Short text fragments from websites
####

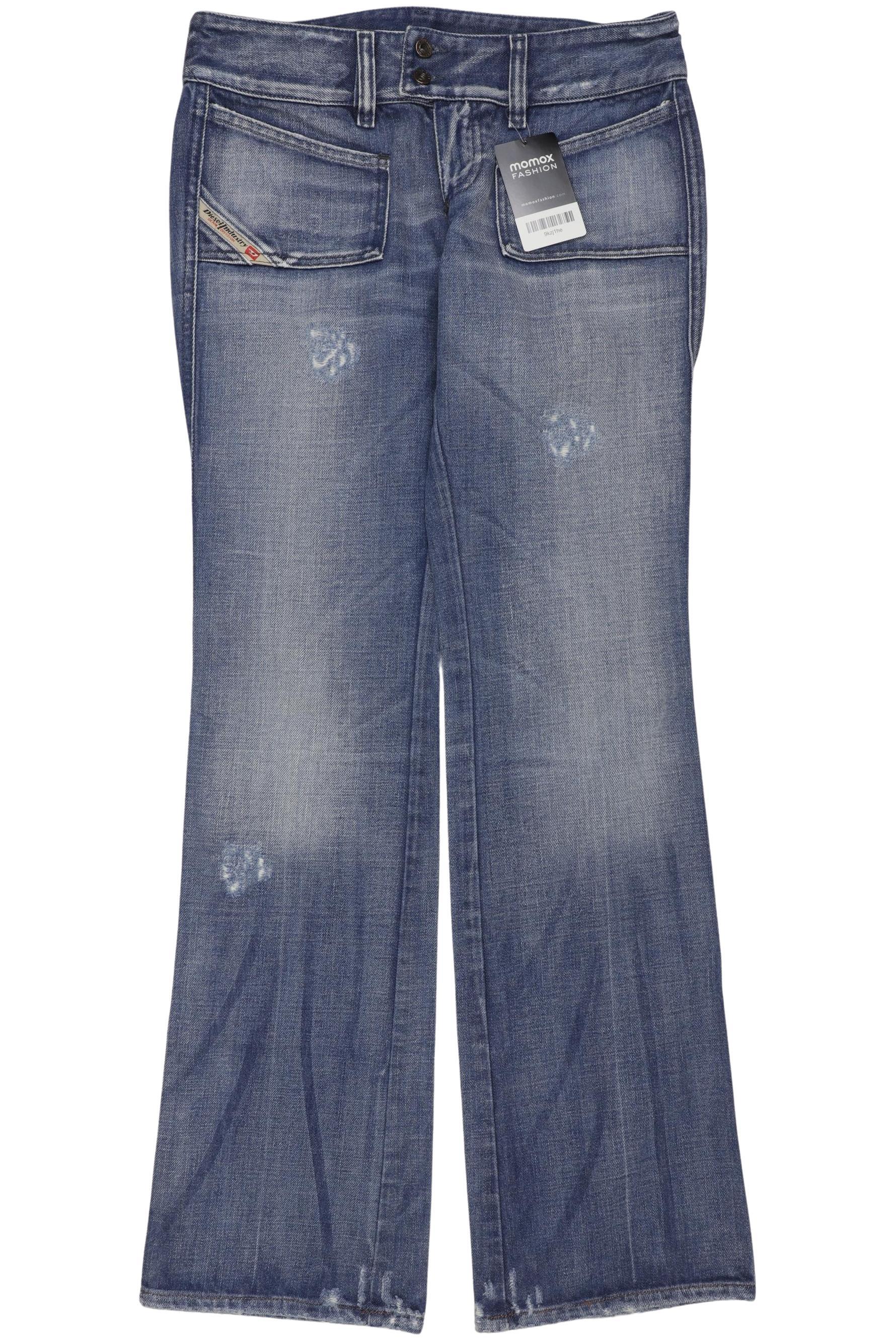 

Diesel Damen Jeans, blau, Gr. 28
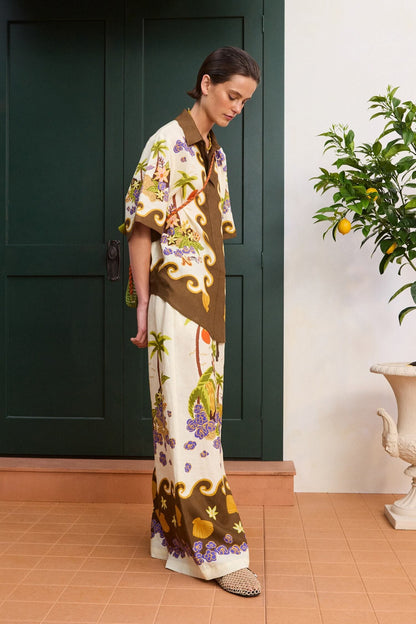 Alemais | Island Cove Pant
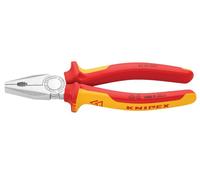 Knipex 0306200SB Combinazione Pinze Isolato VDE 1000V 200mm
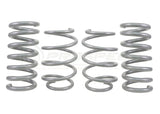Whiteline F And R Coil Springs Lowered - Ford Mustang GT FM 15-17 WSK-FRD006 | Pro Speed Racing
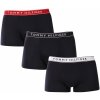 3PACK pánske boxerky Tommy Hilfiger čierne (UM0UM03457 0WF) XL 120 dní na výmenu alebo vrátenie tovaru!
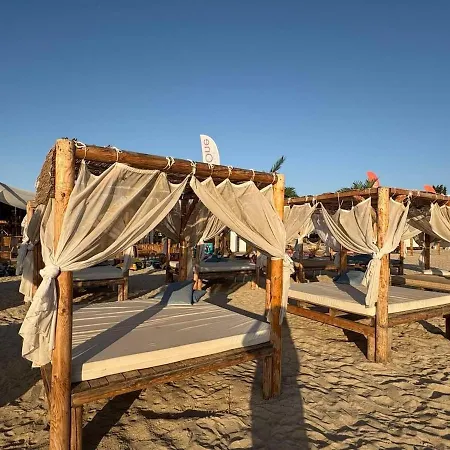 Soleil Bleu Beachfront Getaway - Beachfront Apartment With Sea View - Airport Meet & Greet - Free Parking - Nessebar نيسيبار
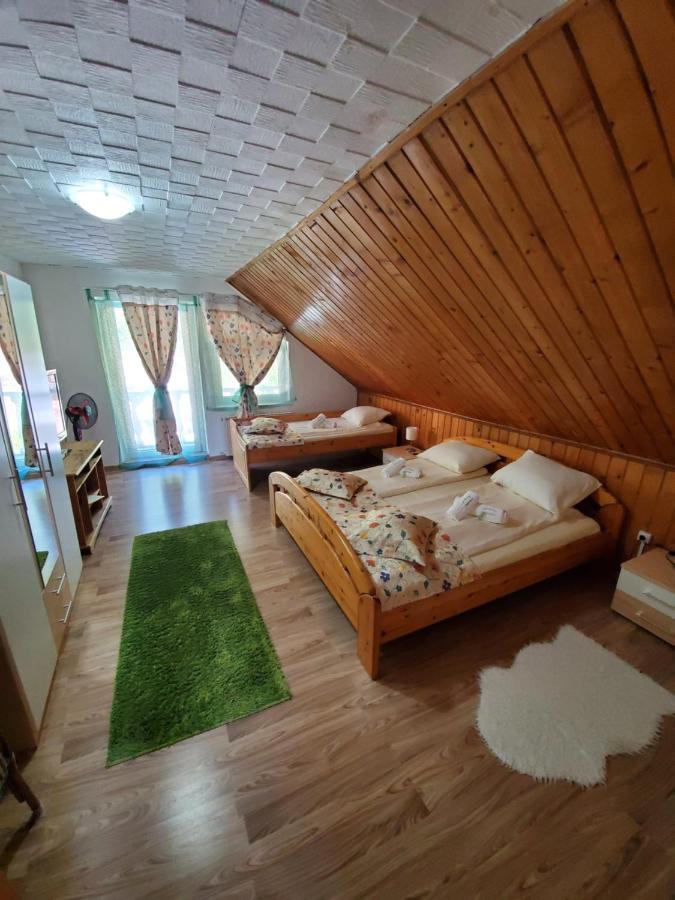 Отель Casa Marian Сигишоара Экстерьер фото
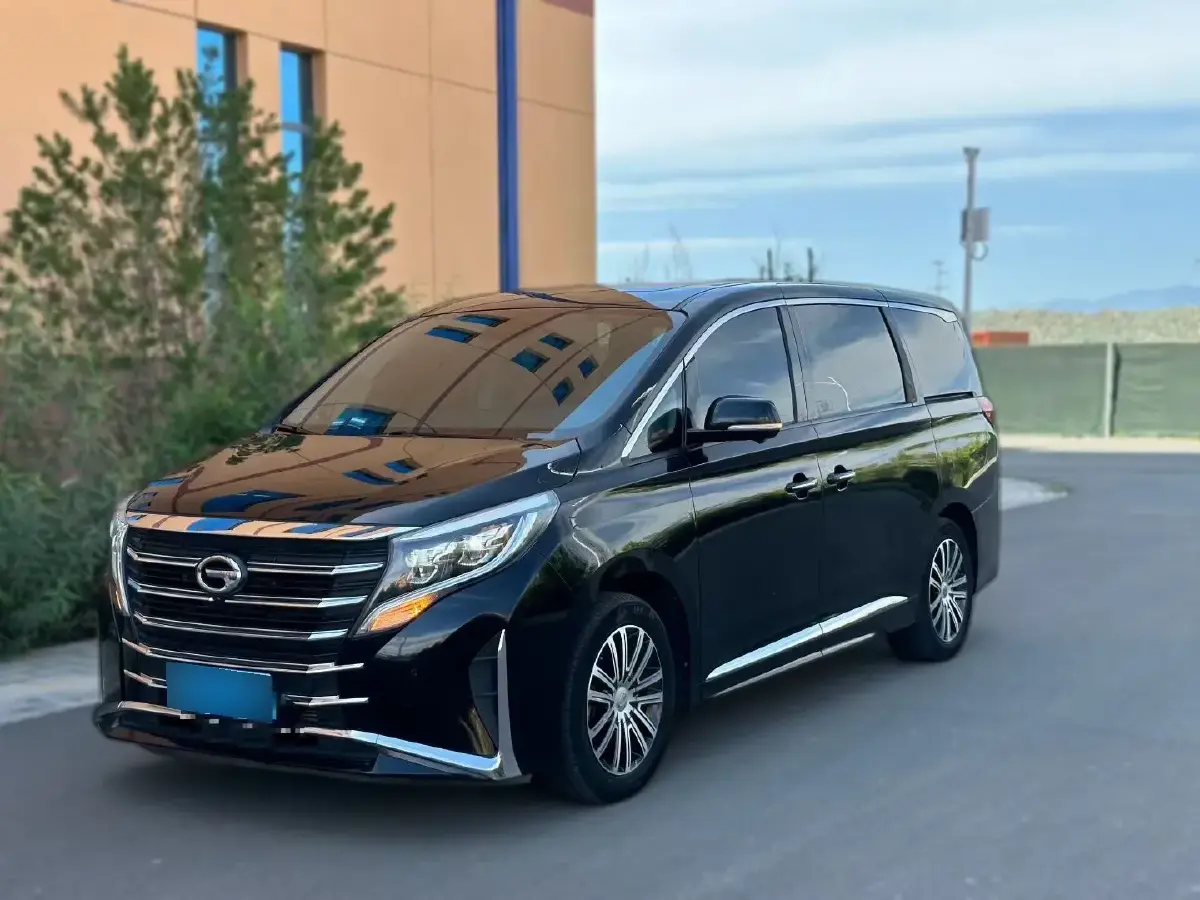 2023 GAC Trumpchi M8 2.0T 252HP L4 8AT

####

## PROBLEM
What is needed is every record above, returned exactly, with the pictures omitted.

## EXERCISE OUTPUT
Diesel Damen Jeans, blau, Gr. 28
 Alemais | Island Cove Pant
 Knipex 0306200SB Combinazione Pinze Isolato VDE 1000V 200mm
Whiteline F And R Coil Springs Lowered - Ford Mustang GT FM 15-17 WSK-FRD006 | Pro Speed Racing
 3PACK pánske boxerky Tommy Hilfiger čierne (UM0UM03457 0WF) XL 120 dní na výmenu alebo vrátenie tovaru!
 Soleil Bleu Beachfront Getaway - Beachfront Apartment With Sea View - Airport Meet & Greet - Free Parking - Nessebar نيسيبار
 Отель Casa Marian Сигишоара Экстерьер фото
 2023 GAC Trumpchi M8 2.0T 252HP L4 8AT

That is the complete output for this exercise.